Week after week we’ve documented how internet of things devices are being built with both privacy and security as a distant afterthought, resulting in everything from your television to your refrigerator creating both new attack vectors and wonderful new surveillance opportunities for hackers and state actors. And CIA leaks have indeed confirmed that “smart” TVs and other devices with embedded microphones make for wonderful surveillance tools.
So it’s not too surprising to see Microsoft’s Security Response Center proclaim this week that it has caught Russian hacking group “Strontium” (aka Fancy Bear and APT28) using poorly secured printers, VoIP phones, and video decoders to gain access to sensitive networks. As is usually the case, Microsoft found that once these devices’ security was bypassed (often an easy feat given there’s sometimes little to no security measures in place), they were able to use them as a beach head to gain broader access to the networks they were connected to:
“After gaining access to each of the IoT devices, the actor ran tcpdump to sniff network traffic on local subnets. They were also seen enumerating administrative groups to attempt further exploitation. As the actor moved from one device to another, they would drop a simple shell script to establish persistence on the network which allowed extended access to continue hunting.

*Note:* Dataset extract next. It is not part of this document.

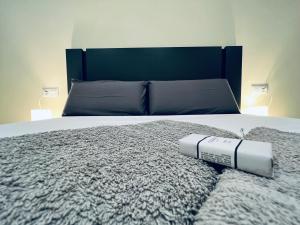 比亚雷亚尔PALM LIFE APARTMENT- Free Parking的一间卧室配有一张大床、毯子和两盏灯。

Analysis of network traffic showed the devices were also communicating with an external command and control (C2) server.”
In at least two instances, the hacks were only made possible thanks to hardware shipping with default username and password logins, something that has frequently plagued residential routers as well. Just as unsurprising as the hack was Microsoft’s warning that this is a problem that’s only going to get worse, regardless of the government or organization pulling the strings:
“While much of the industry focuses on the threats of hardware implants, we can see in this example that adversaries are happy to exploit simpler configuration and security issues to achieve their objectives,” the report noted. “These simple attacks taking advantage of weak device management are likely to expand as more IoT devices are deployed in corporate environments.”
As security researchers like Bruce Schneier have long noted, there’s some severe market failure driving this dysfunction. Companies don’t want to spend money on security and privacy standards as they connect everything under the sun to the internet, and by the time vulnerabilities are discovered, they’re off to selling the next big thing. Because the devices often don’t provide insight into what they’re doing, consumers routinely have no idea what the device is even doing on the network. And by the time vulnerabilities are addressed, consumers are off to buy the next big thing (with equally terrible security holes).
Year after year after year, we’re connecting millions upon millions of devices to home and business networks with paper-mache grade security. And while there’s some fleeting efforts to address the problem (like incorporating flaws into product reviews), it’s still not something folks are taking seriously enough. And while such proclamations are often dismissed as hyperbole, it’s something folks like Schneier predict isn’t likely to change until these vulnerabilities result in some notable human casualties.